Work request.
Make an exact copy, from the records below, of the lines from the line containing "There is a date" to the line containing "I hope this", both lines included, excluding pictures.

Information shown.
>>>

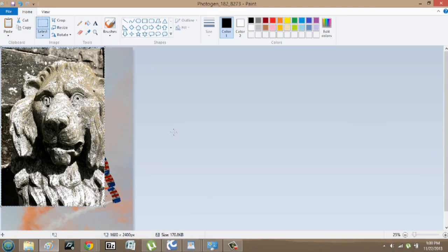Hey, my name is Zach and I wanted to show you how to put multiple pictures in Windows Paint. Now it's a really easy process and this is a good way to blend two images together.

<<<
>>>

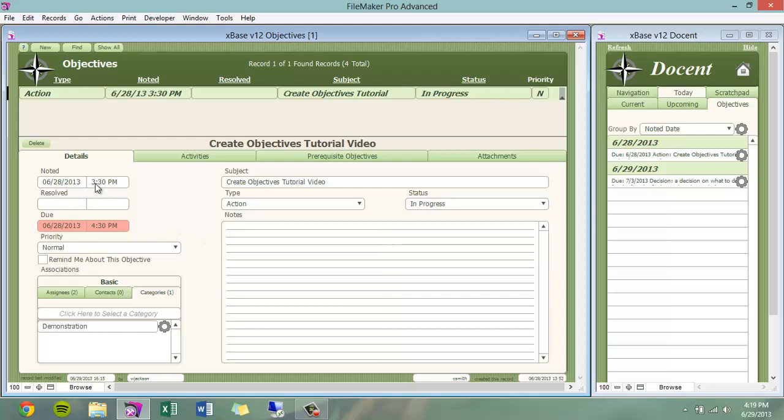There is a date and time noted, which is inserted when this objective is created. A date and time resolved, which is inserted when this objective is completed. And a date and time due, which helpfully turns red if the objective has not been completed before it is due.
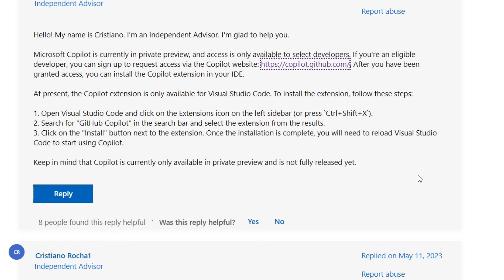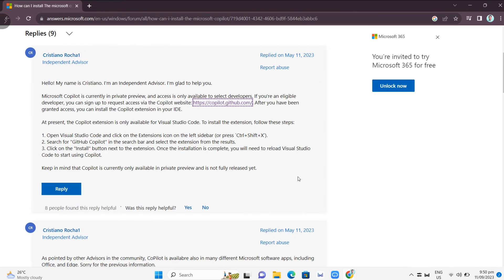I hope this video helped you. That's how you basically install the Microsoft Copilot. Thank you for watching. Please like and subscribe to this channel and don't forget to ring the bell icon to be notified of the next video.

<<<

Written reply.
There is a date and time noted, which is inserted when this objective is created. A date and time resolved, which is inserted when this objective is completed. And a date and time due, which helpfully turns red if the objective has not been completed before it is due.
I hope this video helped you. That's how you basically install the Microsoft Copilot. Thank you for watching. Please like and subscribe to this channel and don't forget to ring the bell icon to be notified of the next video.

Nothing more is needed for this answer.